======== Data in this exercise ========

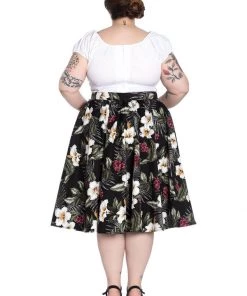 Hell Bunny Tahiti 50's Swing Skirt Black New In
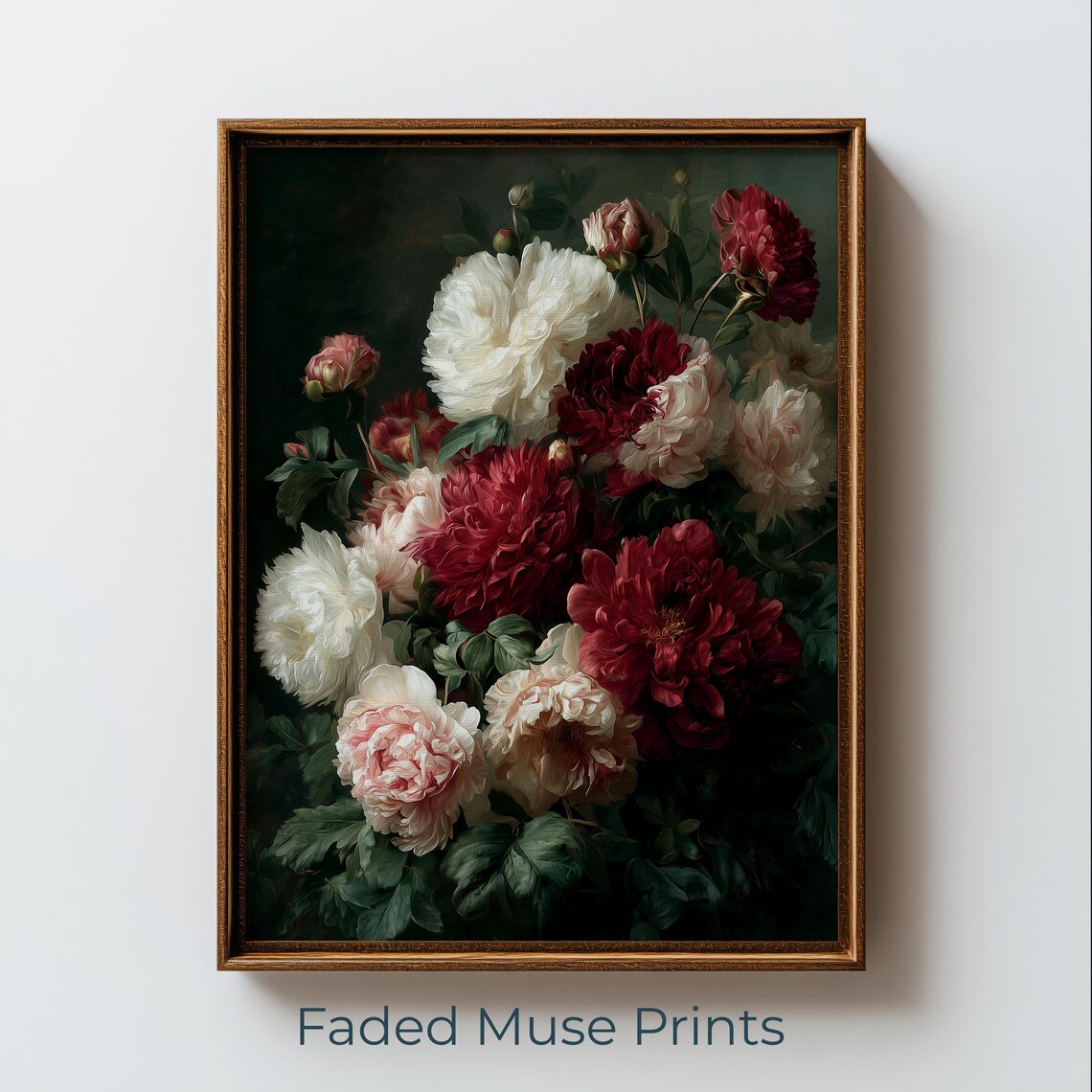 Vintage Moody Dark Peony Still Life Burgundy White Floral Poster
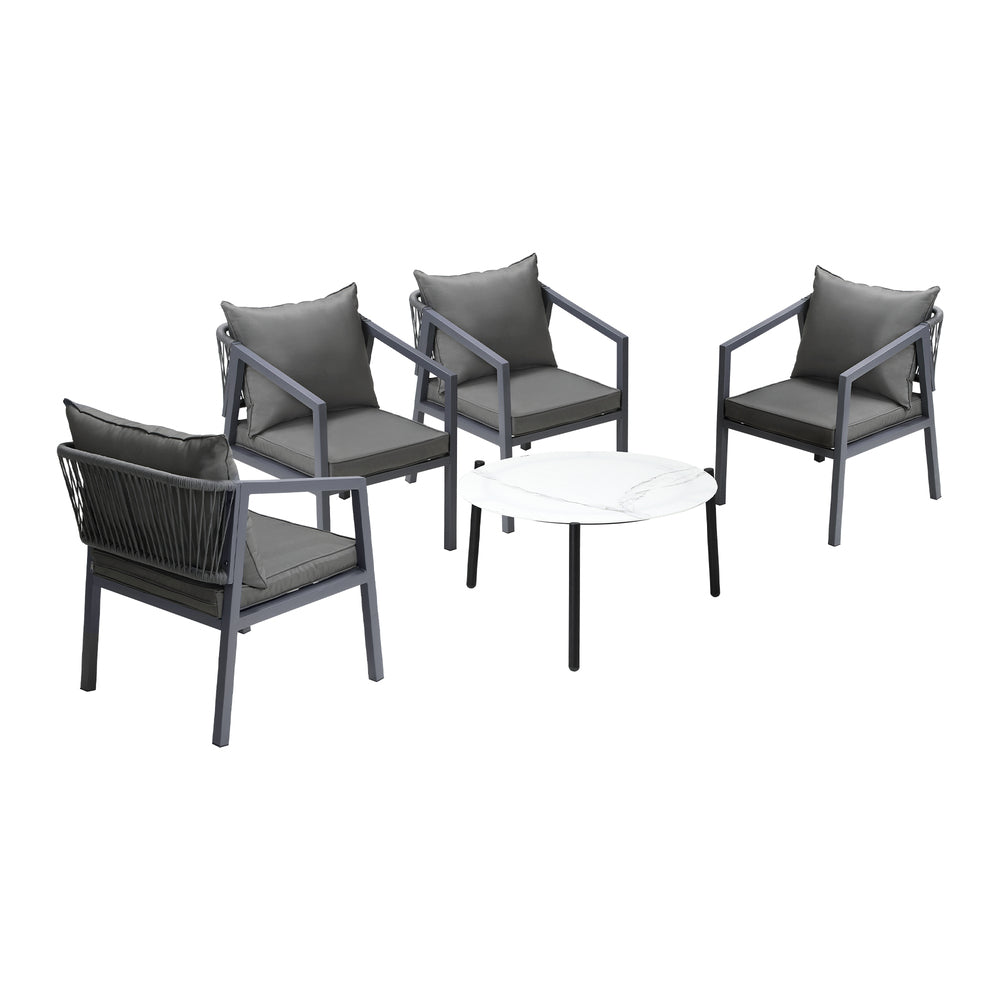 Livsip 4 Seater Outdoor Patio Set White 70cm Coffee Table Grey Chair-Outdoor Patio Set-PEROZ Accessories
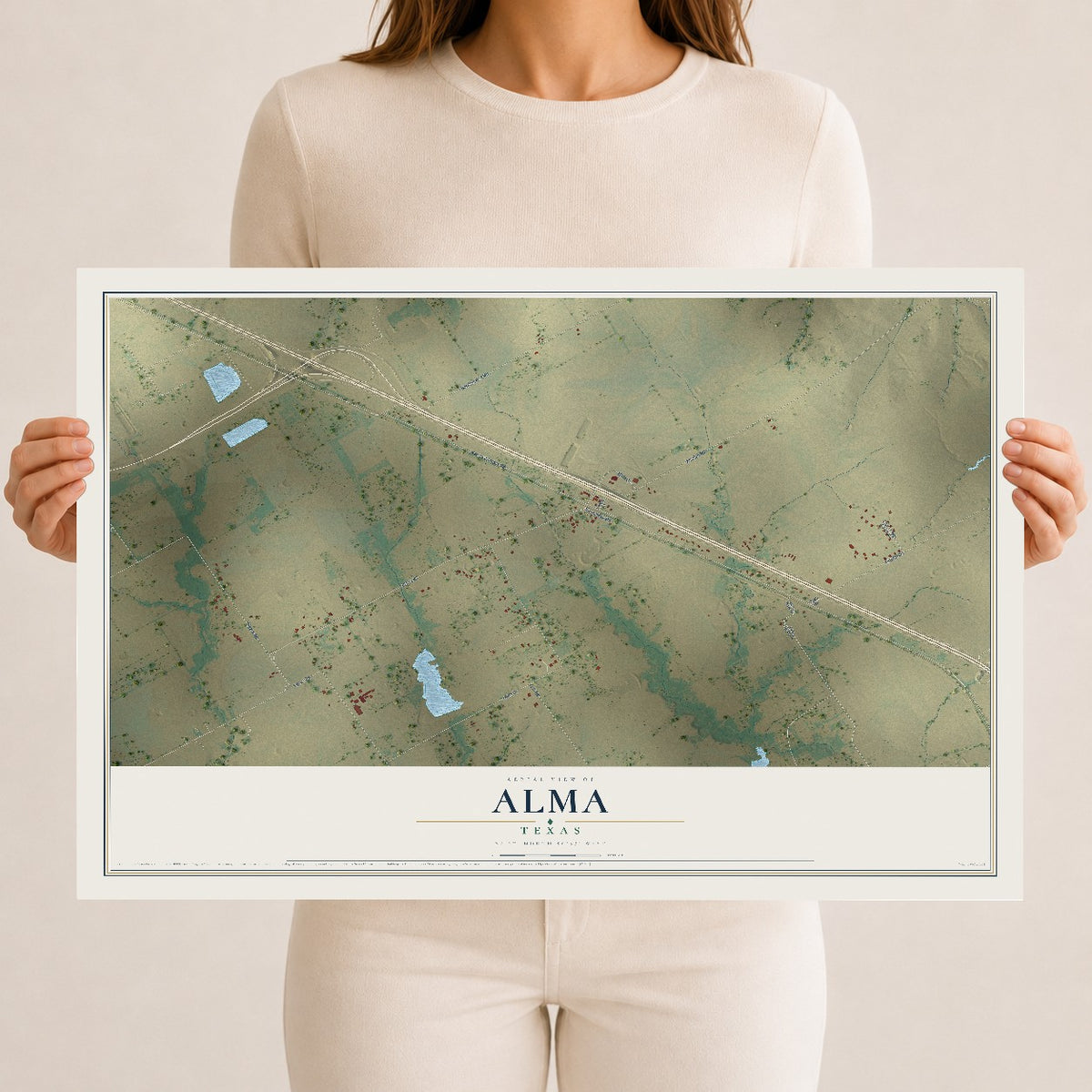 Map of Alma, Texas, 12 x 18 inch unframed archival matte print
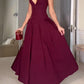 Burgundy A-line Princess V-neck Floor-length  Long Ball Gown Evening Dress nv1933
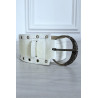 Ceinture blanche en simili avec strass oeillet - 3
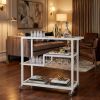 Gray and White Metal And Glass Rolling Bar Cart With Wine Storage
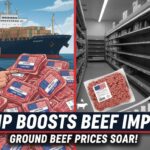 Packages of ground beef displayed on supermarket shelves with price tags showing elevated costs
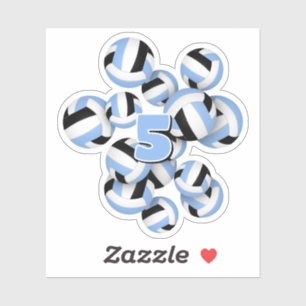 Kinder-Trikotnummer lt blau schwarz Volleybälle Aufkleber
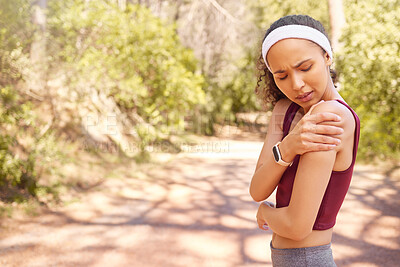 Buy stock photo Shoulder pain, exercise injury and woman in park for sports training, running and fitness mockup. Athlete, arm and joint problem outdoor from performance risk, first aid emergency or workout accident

========
======== Data in this exercise ========

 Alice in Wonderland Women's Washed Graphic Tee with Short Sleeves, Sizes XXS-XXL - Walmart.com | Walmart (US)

========

Task brief
In the listing above, find the line with "Kinder-Trikotnummer lt blau" and the line with "Buy stock photo". Transcribe those two and everything between, exactly, leaving out pictures.

Result of this task
 Kinder-Trikotnummer lt blau schwarz Volleybälle Aufkleber
 Buy stock photo Shoulder pain, exercise injury and woman in park for sports training, running and fitness mockup. Athlete, arm and joint problem outdoor from performance risk, first aid emergency or workout accident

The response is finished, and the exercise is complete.